Such, then, was Lucretia Clavering in outward appearance at the age of
twenty,--striking to the most careless eye; interesting and perplexing
the student in that dark language never yet deciphered,--the human
countenance. The reader must have observed that the effect every face
that he remarks for the first time produces is different from the
impression it leaves upon him when habitually seen. Perhaps no two
persons differ more from each other than does the same countenance in our
earliest recollection of it from the countenance regarded in the
familiarity of repeated intercourse. And this was especially the case
with Lucretia Clavering's: the first impulse of nearly all who beheld it
was distrust that partook of fear; it almost inspired you with a sense of
danger. The judgment rose up against it; the heart set itself on its
guard. But this uneasy sentiment soon died away, with most observers, in
admiration at the chiselled outline, which, like the Grecian sculpture,
gained the more the more it was examined, in respect for the intellectual
power of the expression, and in fascinated pleasure at the charm of a
smile, rarely employed, it is true, but the more attractive both for that
reason and for its sudden effect in giving brightness and persuasion to
an aspect that needed them so much. It was literally like the abrupt
breaking out of a sunbeam; and the repellent impression of the face thus
familiarized away, the matchless form took its natural influence; so that
while one who but saw Lucretia for a moment might have pronounced her
almost plain, and certainly not prepossessing in appearance, those with
whom she lived, those whom she sought to please, those who saw her daily,
united in acknowledgment of her beauty; and if they still felt awe,
attributed it only to the force of her understanding.
As she now came midway up the room, Gabriel started from his seat and ran
to her caressingly. Lucretia bent down, and placed her hand upon his
fair locks. As she did so, he whispered,--
"Mr. Vernon has been watching for you."
"Hush! Where is your father?"
"Behind the screen, at chess with Sir Miles."

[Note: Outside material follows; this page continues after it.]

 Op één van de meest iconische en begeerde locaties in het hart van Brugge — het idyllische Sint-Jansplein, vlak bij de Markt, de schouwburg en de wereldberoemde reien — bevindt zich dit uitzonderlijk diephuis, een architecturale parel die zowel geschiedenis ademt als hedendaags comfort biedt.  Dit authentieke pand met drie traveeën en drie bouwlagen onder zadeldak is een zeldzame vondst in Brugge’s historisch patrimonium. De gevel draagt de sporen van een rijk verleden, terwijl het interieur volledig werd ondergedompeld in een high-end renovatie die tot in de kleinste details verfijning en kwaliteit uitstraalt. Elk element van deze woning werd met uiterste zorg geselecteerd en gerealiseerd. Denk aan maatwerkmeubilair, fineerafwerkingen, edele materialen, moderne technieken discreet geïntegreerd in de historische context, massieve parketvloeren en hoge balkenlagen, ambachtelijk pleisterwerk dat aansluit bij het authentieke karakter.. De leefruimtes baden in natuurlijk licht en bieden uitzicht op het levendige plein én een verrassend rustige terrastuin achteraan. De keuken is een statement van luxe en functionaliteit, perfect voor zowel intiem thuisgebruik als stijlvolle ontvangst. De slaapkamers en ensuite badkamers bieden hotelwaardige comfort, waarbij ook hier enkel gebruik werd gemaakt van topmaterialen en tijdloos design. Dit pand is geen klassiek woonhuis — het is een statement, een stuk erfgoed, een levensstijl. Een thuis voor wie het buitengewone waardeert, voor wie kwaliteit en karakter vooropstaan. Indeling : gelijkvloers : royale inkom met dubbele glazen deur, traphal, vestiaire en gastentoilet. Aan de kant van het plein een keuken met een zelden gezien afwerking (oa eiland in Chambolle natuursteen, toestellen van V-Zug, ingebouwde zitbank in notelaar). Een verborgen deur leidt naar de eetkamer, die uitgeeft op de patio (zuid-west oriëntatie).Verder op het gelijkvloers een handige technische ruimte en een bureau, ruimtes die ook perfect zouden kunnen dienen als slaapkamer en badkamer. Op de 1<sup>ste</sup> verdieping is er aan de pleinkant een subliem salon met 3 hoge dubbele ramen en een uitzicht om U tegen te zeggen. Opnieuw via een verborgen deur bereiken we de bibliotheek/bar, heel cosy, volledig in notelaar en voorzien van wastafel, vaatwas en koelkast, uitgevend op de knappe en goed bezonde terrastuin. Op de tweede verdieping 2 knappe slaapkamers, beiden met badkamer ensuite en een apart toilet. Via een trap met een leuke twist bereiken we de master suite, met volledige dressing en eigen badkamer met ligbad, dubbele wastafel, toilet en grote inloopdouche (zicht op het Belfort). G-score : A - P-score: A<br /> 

"With Sir Miles!" and Lucretia's eye fell, with the direct gaze we have
before referred to, upon the boy's face.
"I have been looking over them pretty often," said he, meaningly: "they
have talked of nothing but the game." Lucretia lifted her head, and
glanced round with her furtive eye; the boy divined the search, and with
a scarce perceptible gesture pointed her attention to Mainwaring's
retreat. Her vivid smile passed over her lips as she bowed slightly to
her lover, and then, withdrawing the hand which Gabriel had taken in his
own, she moved on, passed Vernon with a commonplace word or two, and was
soon exchanging greetings with the gay merry-makers in the farther part
of the room. A few minutes afterwards, the servants entered, the tea-
table was removed, chairs were thrust back, a single lady of a certain
age volunteered her services at the piano, and dancing began within the
ample space which the arch fenced off from the whist-players. Vernon had
watched his opportunity, and at the first sound of the piano had gained
Lucretia's side, and with grave politeness pre-engaged her hand for the
opening dance.
At that day, though it is not so very long ago, gentlemen were not
ashamed to dance, and to dance well; it was no languid saunter through a
quadrille; it was fair, deliberate, skilful dancing amongst the courtly,
--free, bounding movement amongst the gay.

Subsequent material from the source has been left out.